In this study, different nitrogen treatments and different cotton varieties were established, but the method in this study was based on the spectral data of a cotton canopy in the same year at a specific site, which limits its prediction ability for other datasets or regions. Therefore, in order to optimize the SNV-SFLA-SNV-VIs model in terms of stability and accuracy, further datasets involving additional years, planting patterns, and regions need to be collected for model correction, in order to realize LAI estimation of cotton in Xinjiang by using a machine learning method in the future.
5. Conclusions
In this study, using the spectral data of cotton canopy height obtained by UAV, band combinations were screened using different pretreatment and band screening methods, and vegetation indices were constructed using hyperspectral data after different pretreatment methods were used to estimate the LAI of cotton throughout the growth period using MSR and ELM. The results showed that the canopy spectra of different LAI were significantly different in the 760–1000 nm range, and there was an obvious correlation between the canopy spectrum and LAI. By comparing methods under different pretreatments, it can be seen that the band screening based on SPA was too concentrated, resulting in information redundancy and incomplete information extraction. The sensitive bands screened by SFLA were evenly distributed.
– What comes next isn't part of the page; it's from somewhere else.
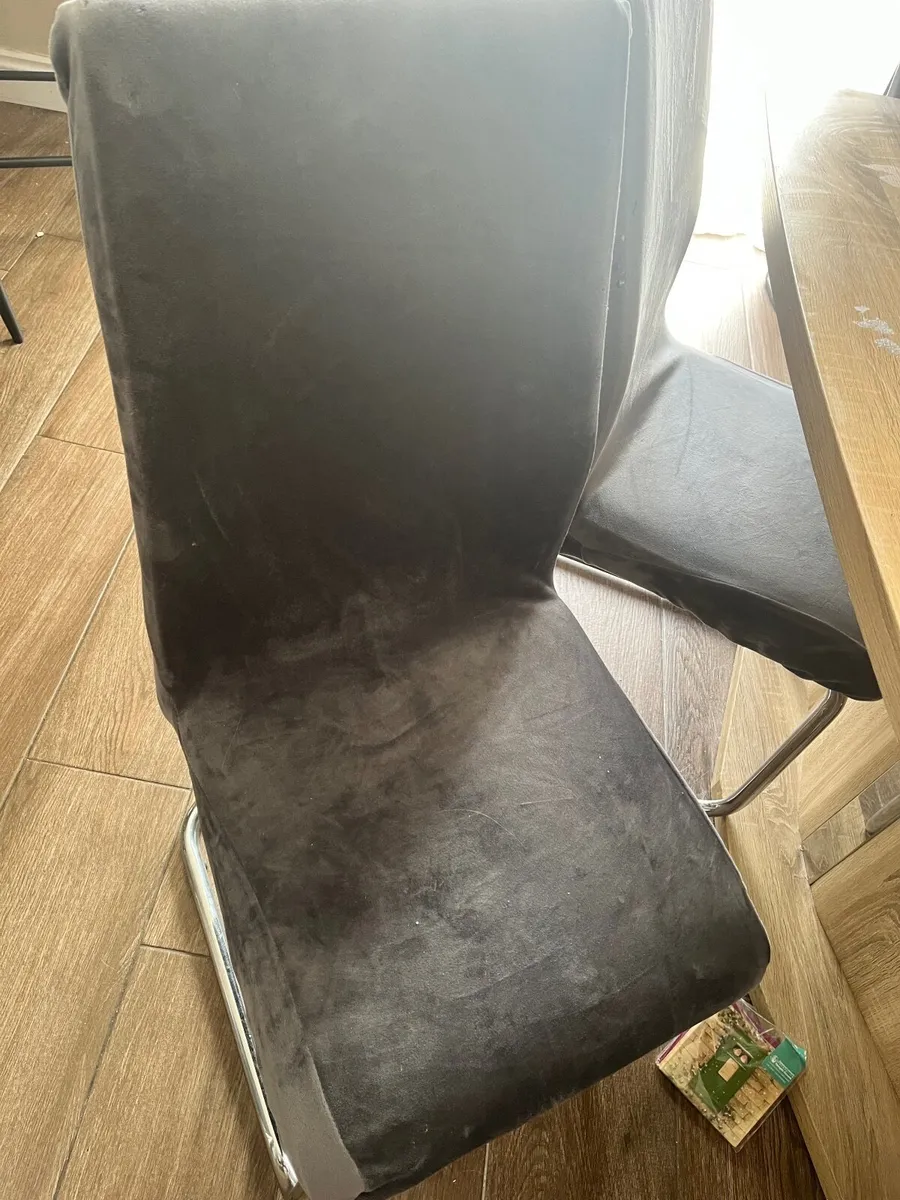 Dining set - Image 3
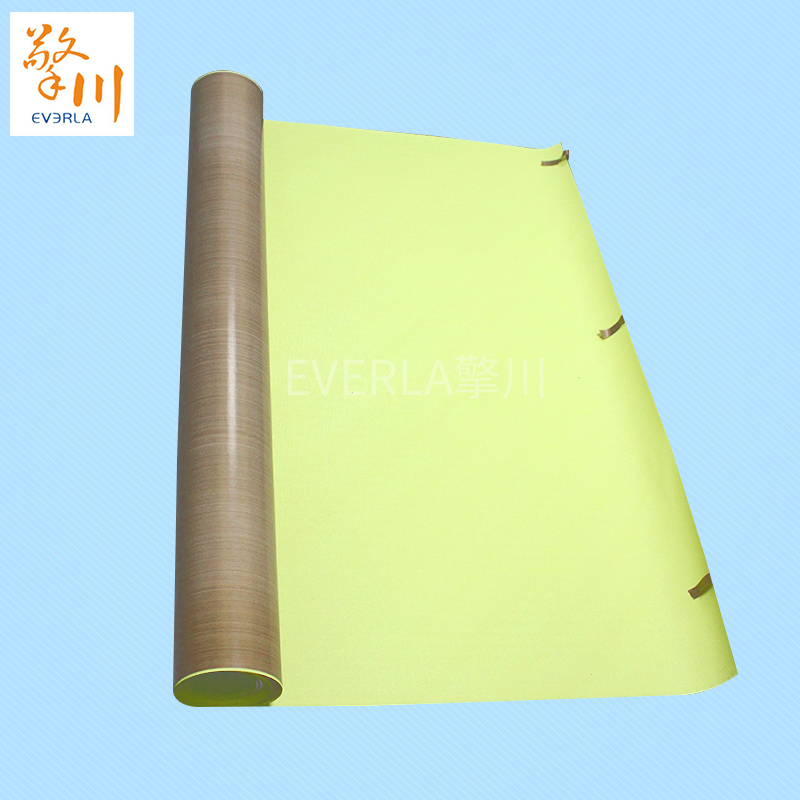 絕緣耐高溫特氟龍<a href='http://www.m.szfulaite.com/shusongdai/' target='_blank'><u>輸送帶</u></a>主圖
The vegetation index established based on the hyperspectral data pretreated by SNV had a higher correlation with LAI, and the DVI had the highest correlation. In comparing the results of the cotton LAI estimation model established using two modeling methods based on different modeling objects, ELM was superior to MSR. SNV-SFLA was the best monitoring model based on pretreated hyperspectral reflectance, and SNV was the best monitoring model based on vegetation indices. However, when combining hyperspectral reflectance with vegetation indices, the ELM model based on SNV-SFLA-SNV-VIs had the best effect among all models, with training set R2 = 0.9208, RMSE = 0.8216, and rRMSE = 12.89%, and validation set R2 = 0.9066, RMSE = 0.9590, and rRMSE = 15.72%. Therefore, the combination of both modeling objects could effectively improve the model’s accuracy.